No dig, l just asked a question. Being able to ride on the back means to me you have to be as good or better than the person on the front.


----------



## HLaB (29 Oct 2016)

Life is too short Jamma; just ride and enjoy ;-)


----------



## screenman (29 Oct 2016)

HLaB said:


> Life too short Jamma; just ride and enjoy ;-)



That I certainly agree with.


----------



## DCLane (29 Oct 2016)

I don't lead club rides and don't want to. Too much organisation, pressure to manage groups and routes. In my 4 years as a club member I've discovered that those who do tend to be very experienced and/or very good at route-finding.



paraffinlamps said:


> Struggling/Newer riders appreciate someone coming back to make sure they are ok , know where they are going , giving advise etc . You can even tell the ride leader what you are doing , this takes some pressure off him knowing there is an experienced rider at the back of the group keeping an eye out . There is a lot of satisfaction to be gained in gently bringing a rider back to a group ..

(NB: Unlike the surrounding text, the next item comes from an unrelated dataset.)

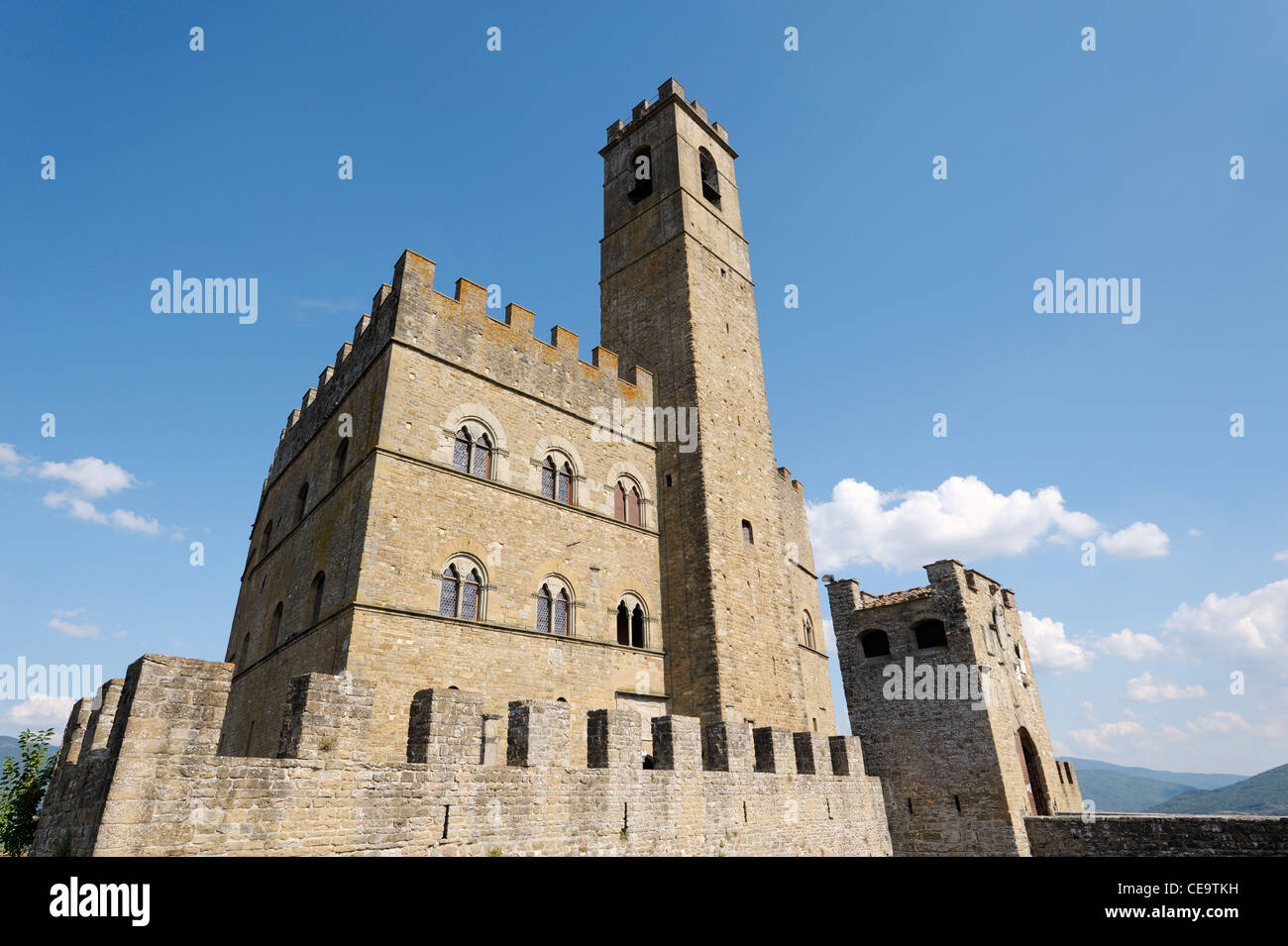 Il castello medievale in collina la città di Poppi, Toscana, Italia Foto Stock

However I do a lot of this and it's become known that I'll tend to be either on the front or at the back, helping out other riders. And that's basically what I spent much of my ride this morning doing.


----------



## steve292 (30 Oct 2016)

Our clubman of the year award went to a guy who spends a lot of time at the back, bringing people back up after mechanicals, looking after people who are having a moment and so on. One of the regulars always does this.
The only club ride that doesn't to this AFAIK is the chain gang, but that's made clear from the off.
You need to be riding lots with the club really, to be a ride leader.


----------



## Apollonius (31 Oct 2016)

I do front and back with different groups. As long as you know your way round (essential at the front, obviously) then I would say being at the back is a much harder job. That is where the real leadership goes on.


----------



## PaulSB (31 Oct 2016)

Leader and sweeper are two very different roles both requiring good skills.

As leader one obviously needs to navigate but also maintain the pace which allows the group to ride as a unit. Knowing when to pull away and when to ease off comes with experience as does knowing the right speed at which to coast along while the stragglers get back on and catch their breath.

Riding on the back is, in my mind, the harder task. I always seem to be constantly chasing the group - last man off a junction etc. - or easing back when I'm too quick. Then there is the need to look after mechanicals and give shelter to anyone who is struggling as you pull them back to the group.

I find it very satisfying to lead, especially on those days when you've planned a good route, set the right pace and you can hear all the banter behind you. That's when you know everyone is having fun and you've got it right. A nice feeling.


----------



## jamma (2 Nov 2016)

Well the club has put a facebook post to get a short club run leader for this sunday


----------



## mjr (2 Nov 2016)

jamma said:


> Well the club has put a facebook post to get a short club run leader for this sunday


How tall are you?


----------



## I am Spartacus (27 Nov 2016)

never understood about Sunday rides needing a 'ride leader' it's not a kids club is it?
Anyway there is always someone in the club who just ''overrides' everything... just say '' yeah yeah whatever 'and just leave 'em to it.
I have enough of that sh it at work.
Usually the guff about helping out at least once a year means
stand on a roadside corner for the best part of a Sunday morning with a red flag and watching a race bunch pass every 30 minutes.


If your club doesnt do race events - ignore daft requests. unless you are with a weird group who know you have tombola skills???


----------



## PaulSB (28 Nov 2016)

Each to his own I suppose.

We have ride leaders for two principle reasons; plan and publish a route on Ride With GPS so if we lose someone not familiar with the area - and we have quite a few - or someone wants to head home early they can get back. Secondly it gives more variety to the rides than a simple "lets go over the Trough" (tough local climb).

As for the guff? Ours is a club running a minimum of 10 rides a week every day other than Mondays so a few people prepared to put in a shift helps.

Marshalling? If your guys turn out for other club's competitive events it's only fair to put something back


----------